◆ **SUPPLIED INFORMATION**:
=== Section Start ===

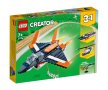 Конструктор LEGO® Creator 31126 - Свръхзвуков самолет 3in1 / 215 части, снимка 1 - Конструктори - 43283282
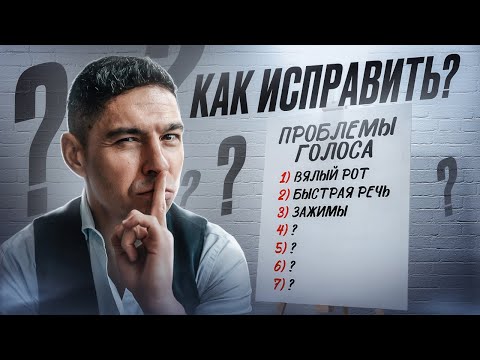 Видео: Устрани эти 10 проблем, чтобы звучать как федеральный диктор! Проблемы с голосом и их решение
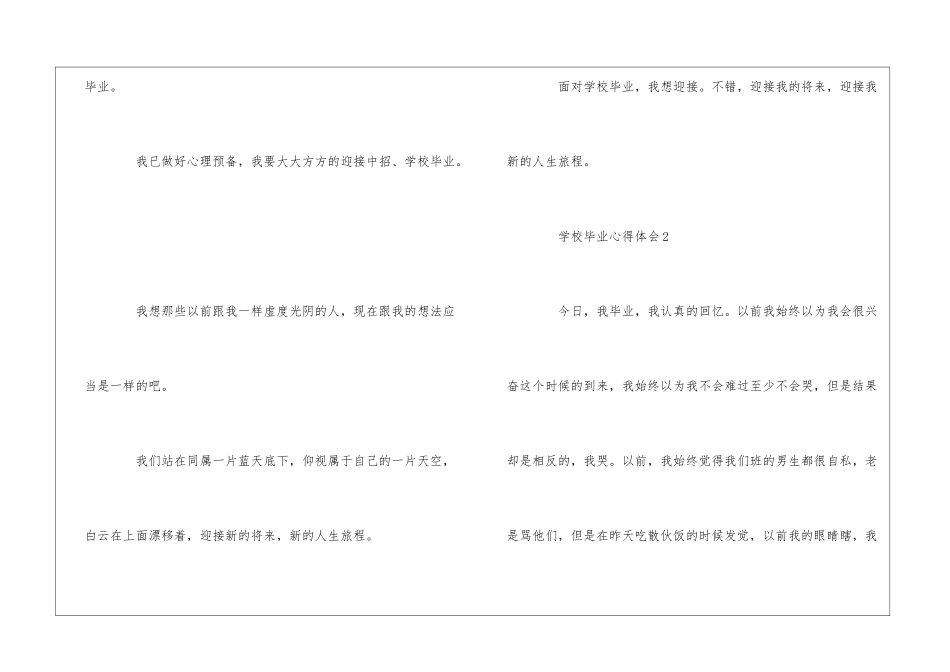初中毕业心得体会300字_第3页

=== Section End ===
=== Section Start ===

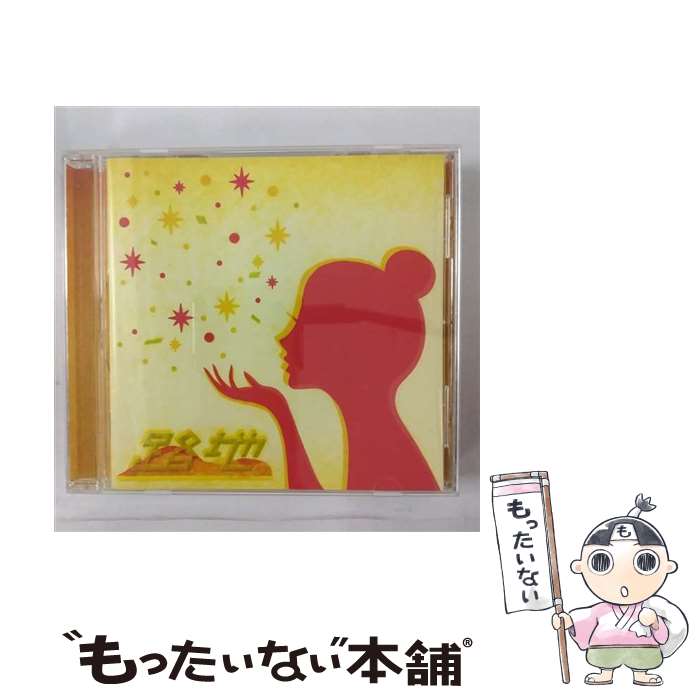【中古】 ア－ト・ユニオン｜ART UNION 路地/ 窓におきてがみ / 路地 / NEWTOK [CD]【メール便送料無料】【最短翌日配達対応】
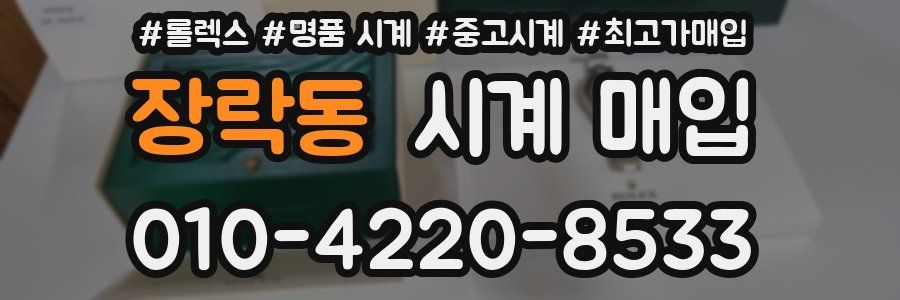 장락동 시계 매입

=== Section End ===

◆ **WHAT TO PRODUCE**: Set the pictures aside and retype exactly the lines above from the line with "Конструктор LEGO® Creator" to the line with "初中毕业心得体会300字_第3页", both included, adding no others.

◆ **SOLUTION BELOW**:
 Конструктор LEGO® Creator 31126 - Свръхзвуков самолет 3in1 / 215 части, снимка 1 - Конструктори - 43283282
 Видео: Устрани эти 10 проблем, чтобы звучать как федеральный диктор! Проблемы с голосом и их решение
初中毕业心得体会300字_第3页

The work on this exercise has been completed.